There maybe more. Feel free to add if you know more.
A: My vote is for the phrase "normal Cayley graph".
Recall that a Cayley graph Cay($G$,$C$) is obtained from a group $G$ and a subset of its elements $C \subseteq G$. The vertex set of Cay($G$,$C$) is $G$ itself, and for each $g \in G$ and $c \in C$ there is an edge from $g$ to $gc$. 
Some of my colleagues and co-authors say that Cay($G$,$C$) is a normal Cayley graph if $G$ is a normal subgroup of Aut(Cay($G$,$C$)).
Another set of colleagues and co-authors say that Cay($G$,$C$) is a normal Cayley graph if $C$ is closed under conjugation, (so that $C$ is like a normal subset of $G$). 
The first usage involves looking outside $G$ while the second usage involves looking inside $G$. 
A: This is not quite a direct conflict of terminology, but it is a confusing near conflict of terminology, and it happened in the past twenty years:


*

*The generalized permutohedra are a class of convex polytopes introduced and studied by Postnikov in https://arxiv.org/abs/math/0507163; their defining property is that their normal fans are a coarsening of the normal fan of the permutohedron (i.e., the braid arrangement). (In fact, these polytopes had essentially already been studied for many years under the name polymatroids.) One of the most important examples of a generalized permutohedron, beyond the permutohedron itself, is the associahedron (see the title of Postnikov's paper).

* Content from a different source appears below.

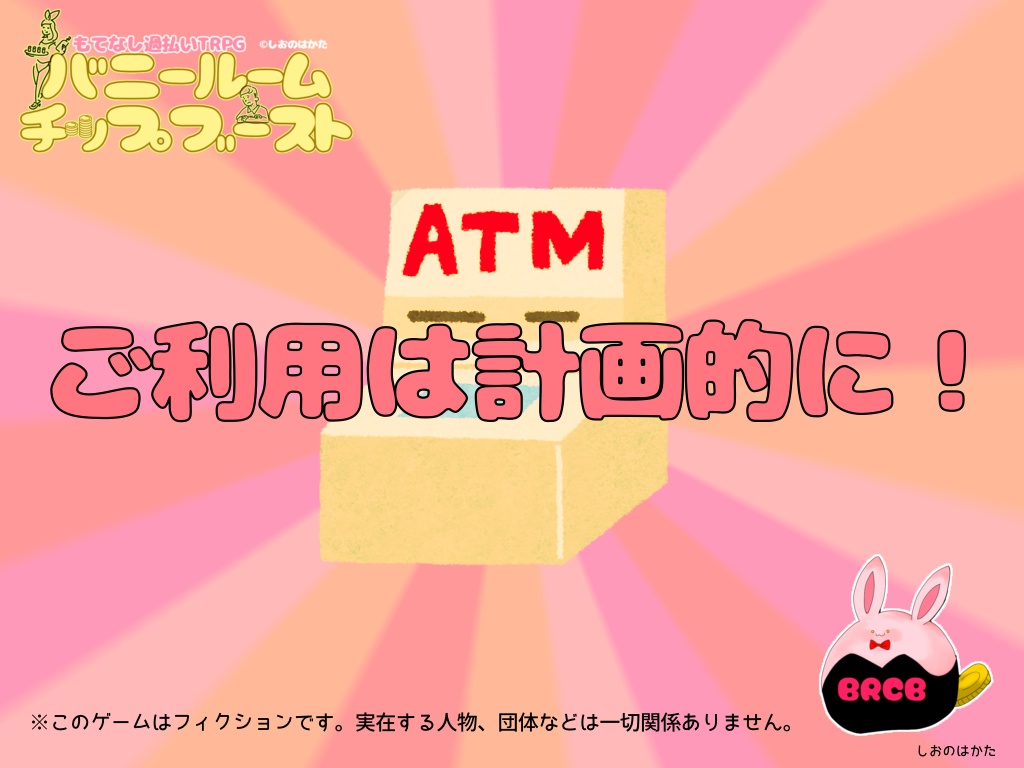 もてなし過払いTRPG 『バニールーム・チップブースト』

*The generalized associahedra are a class of convex polytopes introduced and studied by Fomin and Zelevinsky in https://arxiv.org/abs/hep-th/0111053. They come from the theory of cluster algebras. Specifically, the cluster complex is a simplicial complex that explains how all the clusters in a cluster algebra fit together. The cluster algebras of finite type (i.e., the ones with finite cluster complexes) are in bijection with root systems. The generalized associahedron of a root system is the polytope which is dual to the cluster complex of this root system. This name comes from the fact that in Type A, the generalized associahedron is the usual associahedron.